There was also Breakthrough to consider. Sveta, I could reach out to. I'd approach her online and work my way up to visiting. I didn't know enough about Chris to do anything there and I wasn't sure what I could do about Ashley just yet. Natalie could take care of herself; the only thing I could imagine her wanting from Cauldron was superpowers and I would never ask for that.
"Can I ask for four IOUs?"
"If your information proves to be valid, you can assume you have a limitless number of IOUs," the Doctor said. Then, again acting as though she were capable of making a joke, she added: "Terms and conditions may apply."
I ignored it and thought about Capricorn. That was a situation I could prevent from happening, but it would be hard to insert myself into their lives, even assuming I could find them. "There are two boys somewhere in Maryland. Byron and Tristan Vera, twins. They should be thirteen now and they're going to trigger as a Case 70. Can you separate them? The further apart the better, I think."
"Agreed," said the Doctor.
"And there's another kid, Kanzi or Kenzie Martin," I said. "I think she's seven now and lives somewhere around Baltimore. Her parents Irene and Julien are abusive, as in they-should-be-incarcerated-immediately levels of abuse. Take her away from them and give her to another couple, Keith and Antonio. I don't know their last name or names, but they're married and looking to foster or adopt. Make the adoption stick, make sure sure she knows she's theirs and that her parents aren't ever going to get her back."
"Also acceptable."
"All right," I said, and leaned under the table to collect my bag. "That's it. I should be getting back home."
The Doctor set her pen down on her notepad. "One final question. What are your plans?"
"I'll rebrand. Leave New Wave for the Wards," I said. I anticipated that my city would be destroyed before I'd get the chance to graduate in May, so I'd start work on my GED soon. "I'll join the Protectorate once I join eighteen, maybe pick a city that isn't Brockton Bay. I'll do what I can before Gold Morning."

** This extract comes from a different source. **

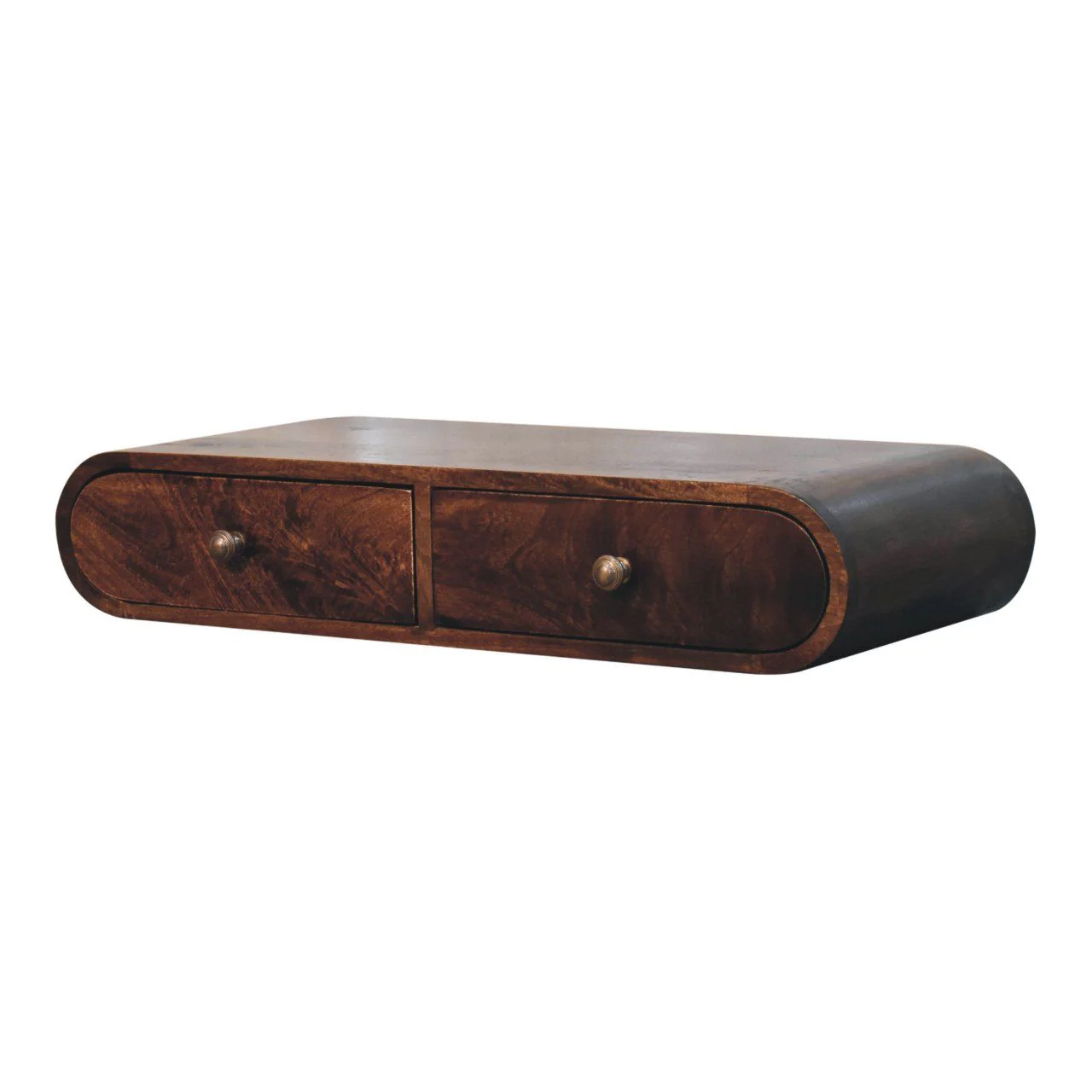 Wall Mounted Console Table - Walnut - Image 2
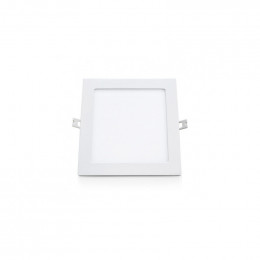 Plafonnier led blanc 200x200 18w 4000k Miidex 77652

Before ushering me back through the portal, the Number Man handed me a white business card that bore only a phone number with an area code local to Massachusetts. "If you need us, call this number. Give your name and location and we will meet with you."
It was just after seven when I returned. The noises coming in the kitchen made me think Mom had returned. She'd be expecting me to burst in and demand details about their night and the battle against the ABB. Rather than speak to her, I slipped out through my bedroom window and sent her a text saying I would be with Dean and the Wards for the day.
Then I took to the skies, reveling in being able to fly at full speed without worrying about the wind or the early morning chill. The sun had finished rising but it still hung low in the sky, and I flew over the bay to take in my sprawling and untouched city.
I eventually landed and texted Dean again, suggesting we meet at the Batter of the Bulge. It was a pancake house that prided itself on "melding the human drama of the Allied struggle against Nazi Germany with the tasty goodness of all-day breakfast." Empire vandals targeted it regularly.
He called me back seconds after I hit send.
"Hey, gorgeous," Dean said. The warmth I felt from hearing his voice, still gravelly from sleep, was a surge that swept away all my remaining doubt.
This was real. It had to be.
I closed my eyes, taking a deep breath before assembling the words. If I tried to say everything I wanted to at once, I might not convey anything at all.
"Hi," I managed at last. "How are you?"